Goal of the exercise:
Your copy should match the records exactly, apart from the pictures, which stay out.

Supplied entries START

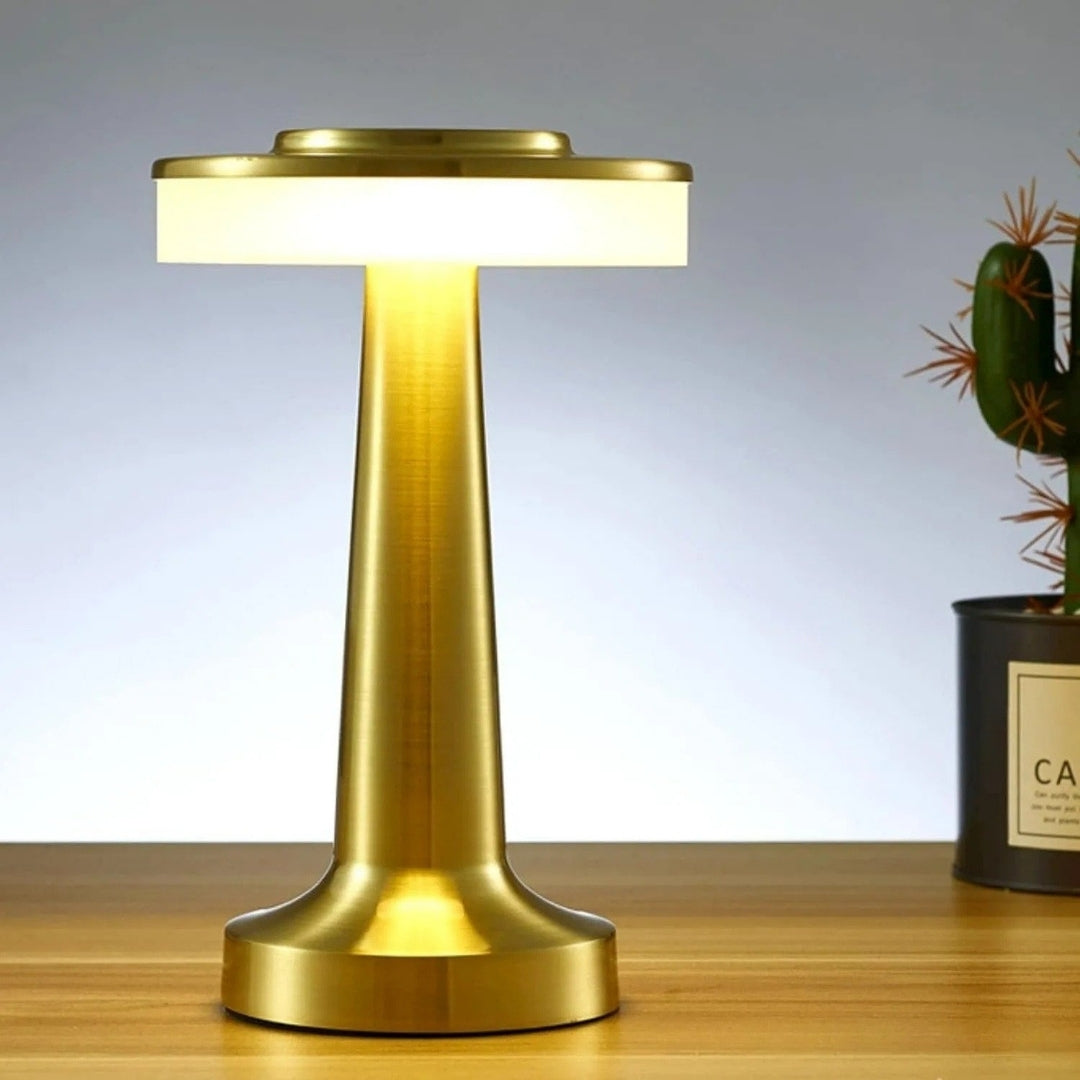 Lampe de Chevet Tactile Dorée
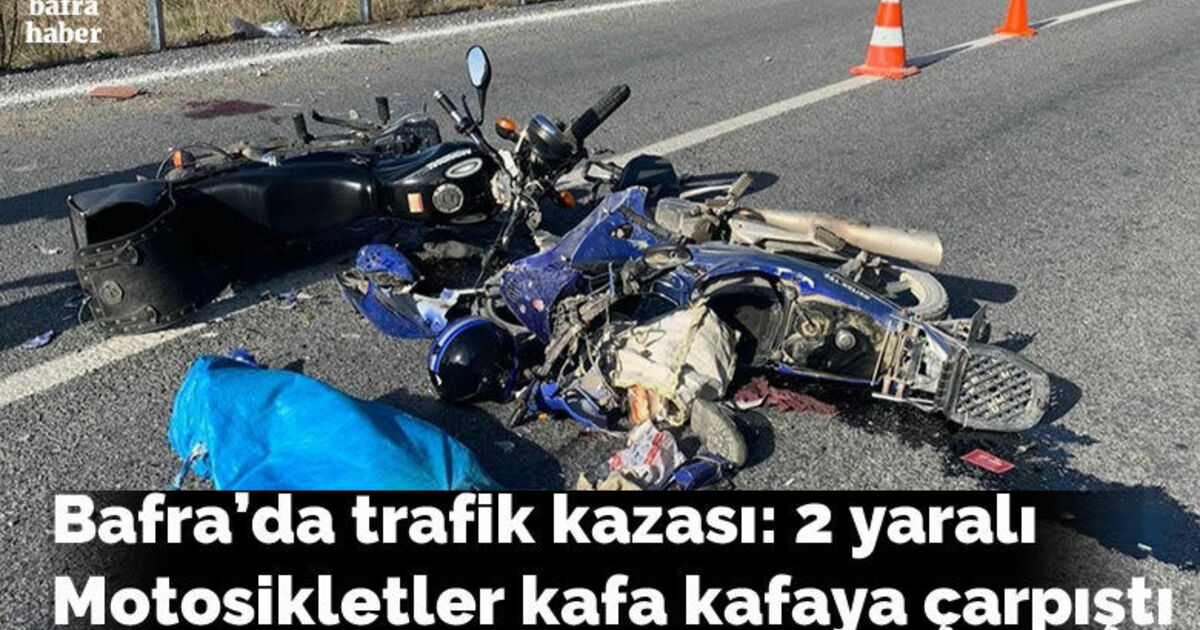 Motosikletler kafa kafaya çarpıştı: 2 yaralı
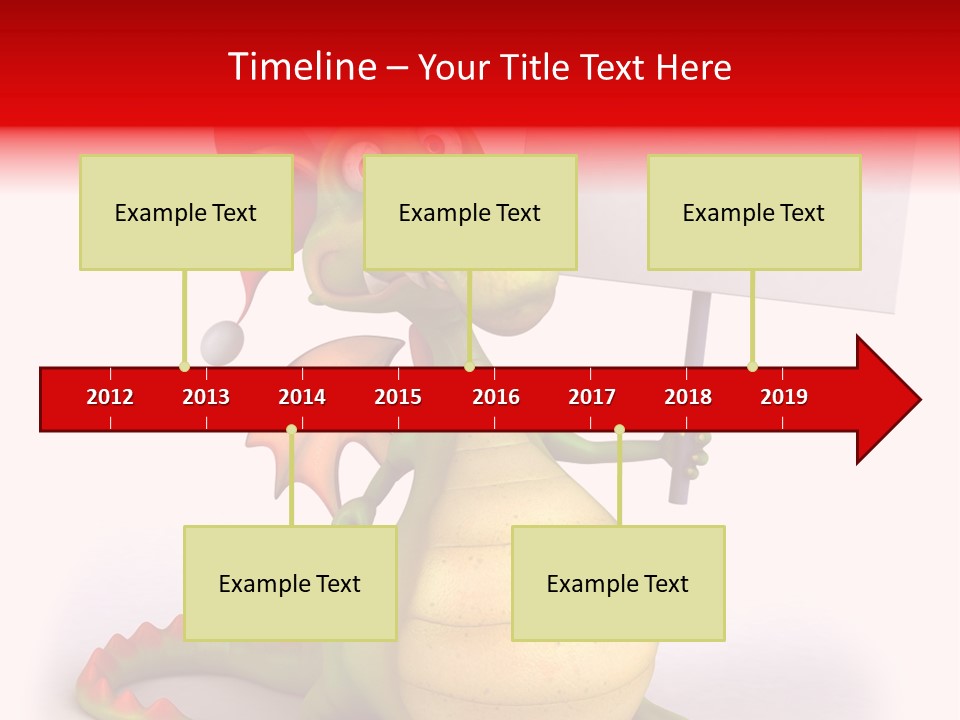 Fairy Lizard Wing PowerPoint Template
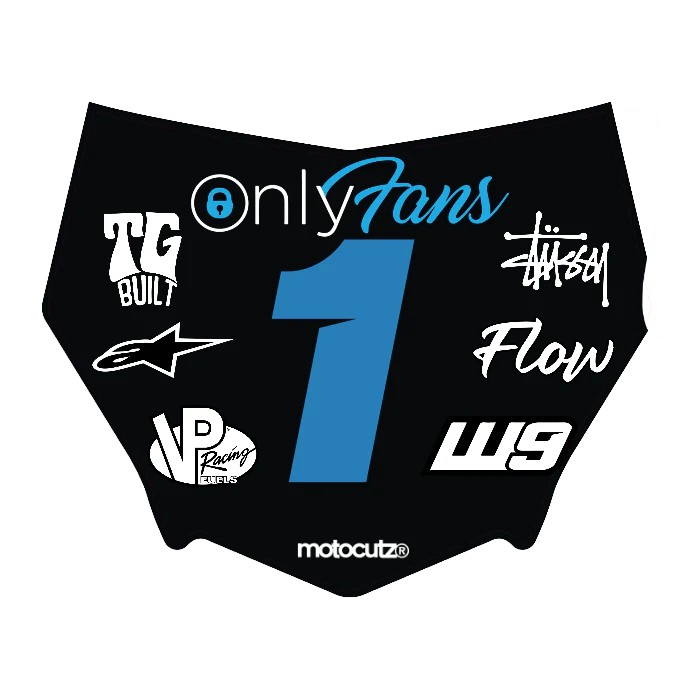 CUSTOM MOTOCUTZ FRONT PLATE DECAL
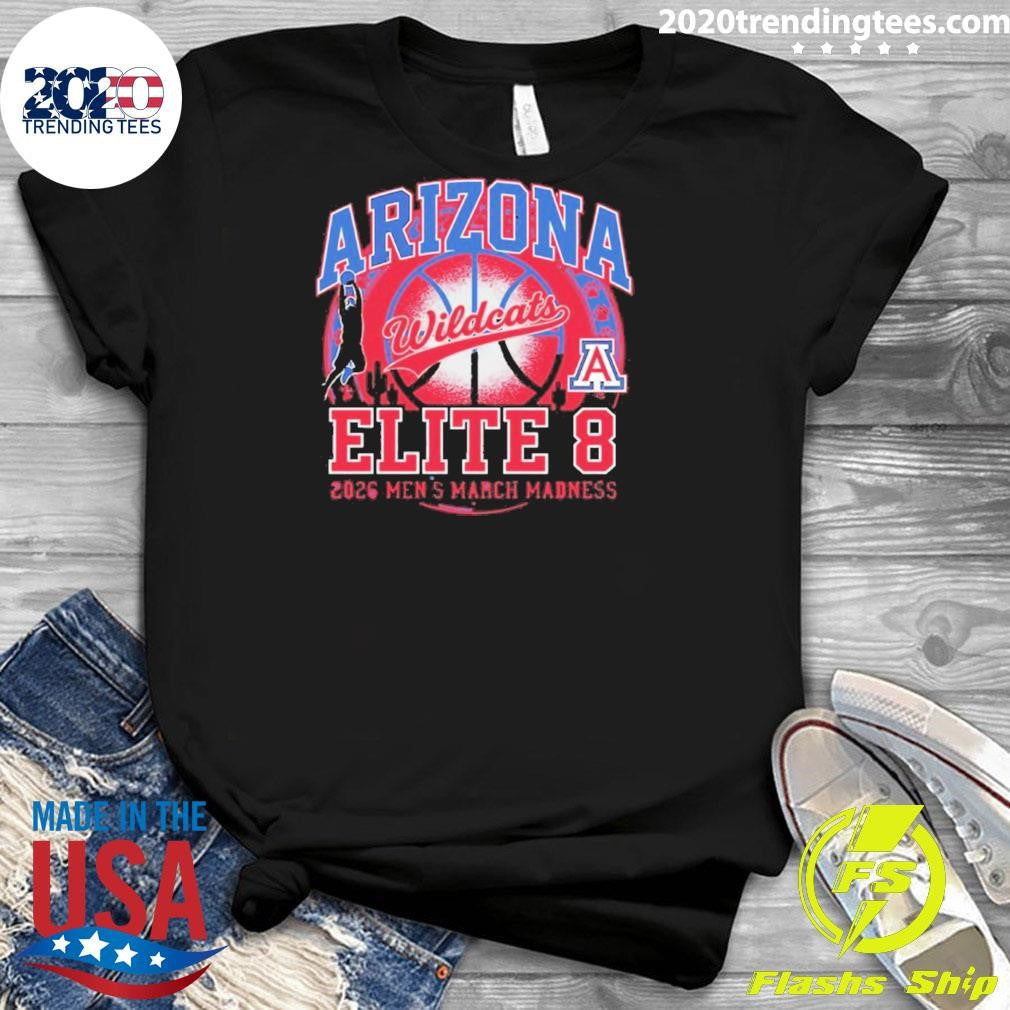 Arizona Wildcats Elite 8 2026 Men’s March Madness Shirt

Supplied entries END

Expected answer:
 Lampe de Chevet Tactile Dorée
 Motosikletler kafa kafaya çarpıştı: 2 yaralı
 Fairy Lizard Wing PowerPoint Template
 CUSTOM MOTOCUTZ FRONT PLATE DECAL
 Arizona Wildcats Elite 8 2026 Men’s March Madness Shirt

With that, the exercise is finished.